Booth Id:
CBIO047
Category:
Computational Biology and Bioinformatics
Year:
2024
Finalist Names:
Agrawal, Shaurya (School: Adlai E. Stevenson High School)
Abstract:
Cellular reprogramming holds immense promise for novel therapeutics in fields like disease reversion and cellular regeneration. This field aims to control or perturb gene expression to induce specific downstream impacts of cell states and types. However, current research remains limited to basic use cases as large-scale in-vitro experiments are extremely expensive and impractical and in-silico models can only predict simple conversions with limited clinical applicability.

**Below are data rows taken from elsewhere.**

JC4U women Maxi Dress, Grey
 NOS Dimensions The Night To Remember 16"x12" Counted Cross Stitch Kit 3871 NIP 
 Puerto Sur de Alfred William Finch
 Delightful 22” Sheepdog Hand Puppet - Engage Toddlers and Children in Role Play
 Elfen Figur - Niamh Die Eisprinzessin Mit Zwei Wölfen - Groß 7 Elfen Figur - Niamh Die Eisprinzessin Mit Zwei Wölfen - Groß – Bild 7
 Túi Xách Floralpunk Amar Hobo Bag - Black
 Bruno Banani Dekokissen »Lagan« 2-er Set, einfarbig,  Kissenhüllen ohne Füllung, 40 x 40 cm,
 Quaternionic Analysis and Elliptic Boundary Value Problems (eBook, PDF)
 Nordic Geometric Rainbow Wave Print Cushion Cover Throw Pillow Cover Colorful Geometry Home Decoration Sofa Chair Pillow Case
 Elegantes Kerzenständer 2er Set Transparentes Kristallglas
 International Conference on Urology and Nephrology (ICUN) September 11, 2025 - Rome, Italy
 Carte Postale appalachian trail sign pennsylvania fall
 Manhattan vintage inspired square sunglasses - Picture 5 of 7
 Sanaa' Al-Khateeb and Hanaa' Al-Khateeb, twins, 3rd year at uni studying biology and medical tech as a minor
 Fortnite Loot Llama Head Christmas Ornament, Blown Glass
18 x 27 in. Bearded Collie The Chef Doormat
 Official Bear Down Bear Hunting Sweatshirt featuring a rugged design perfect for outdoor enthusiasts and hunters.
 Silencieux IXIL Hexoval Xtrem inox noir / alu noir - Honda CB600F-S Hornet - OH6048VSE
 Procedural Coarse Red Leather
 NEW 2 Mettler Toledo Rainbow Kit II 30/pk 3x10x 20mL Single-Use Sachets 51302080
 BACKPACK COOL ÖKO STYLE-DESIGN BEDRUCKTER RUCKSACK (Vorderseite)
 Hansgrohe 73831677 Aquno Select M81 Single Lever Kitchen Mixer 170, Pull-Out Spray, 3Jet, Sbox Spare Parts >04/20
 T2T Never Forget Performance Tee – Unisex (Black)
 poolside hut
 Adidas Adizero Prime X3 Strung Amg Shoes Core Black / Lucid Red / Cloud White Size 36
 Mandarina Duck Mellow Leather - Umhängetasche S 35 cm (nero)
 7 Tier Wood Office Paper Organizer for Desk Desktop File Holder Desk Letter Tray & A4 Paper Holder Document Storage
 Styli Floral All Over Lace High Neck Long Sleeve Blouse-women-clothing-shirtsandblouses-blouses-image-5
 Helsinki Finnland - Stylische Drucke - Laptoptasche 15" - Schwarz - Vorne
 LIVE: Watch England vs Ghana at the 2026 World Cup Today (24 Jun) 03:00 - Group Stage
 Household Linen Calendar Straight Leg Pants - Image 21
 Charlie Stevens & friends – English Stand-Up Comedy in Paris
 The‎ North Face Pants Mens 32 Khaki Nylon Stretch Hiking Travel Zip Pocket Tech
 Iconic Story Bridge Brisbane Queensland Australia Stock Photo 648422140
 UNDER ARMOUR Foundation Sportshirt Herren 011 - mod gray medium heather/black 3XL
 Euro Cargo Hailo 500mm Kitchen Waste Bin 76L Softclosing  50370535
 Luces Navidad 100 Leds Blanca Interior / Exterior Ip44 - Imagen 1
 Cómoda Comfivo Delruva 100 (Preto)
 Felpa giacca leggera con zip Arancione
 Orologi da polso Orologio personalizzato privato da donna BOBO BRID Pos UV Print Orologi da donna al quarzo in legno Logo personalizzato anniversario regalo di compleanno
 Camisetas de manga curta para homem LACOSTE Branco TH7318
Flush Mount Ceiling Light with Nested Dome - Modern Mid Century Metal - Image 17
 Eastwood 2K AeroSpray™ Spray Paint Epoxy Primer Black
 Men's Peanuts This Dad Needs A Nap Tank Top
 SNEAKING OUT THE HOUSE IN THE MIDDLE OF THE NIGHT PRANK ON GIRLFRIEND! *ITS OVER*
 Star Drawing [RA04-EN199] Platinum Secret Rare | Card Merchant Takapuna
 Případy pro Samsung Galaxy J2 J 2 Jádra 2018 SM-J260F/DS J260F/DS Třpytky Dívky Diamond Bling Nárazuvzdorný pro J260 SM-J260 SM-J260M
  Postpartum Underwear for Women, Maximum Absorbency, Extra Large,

Thus, the goal of this project was to create different, generalizable optimization models that can predict compounded transcription factor perturbation paths for more complex cell-state conversions. For our analysis, perturb-seq data from the genome-wide study done by Replogle et. al was used. After preprocessing, the data was used to prepare benchmarking models based on leading techniques from past literature due to no direct existing models for comparison. These benchmarks were then compared with three models, custom vector-addition-based greedy algorithms, constrained OLS, and non-linear SQP solver that perform the main task of predicting combinations of transcription factor perturbations for converting erythroleukemia cells to retinal pigment epithelial cells. The models were compared using two different similarity metrics, the industry-standard cosine similarity, and the custom projection score. The custom vector addition-based greedy algorithm achieved the highest score for both metrics, almost double the benchmark, and 90% for the cosine similarity score. All models predicted established transcription factors and novel TFs for this drastic conversion task proving generalizability and clinical applicability to further cellular reprogramming as a potential cure for a myriad of diseases.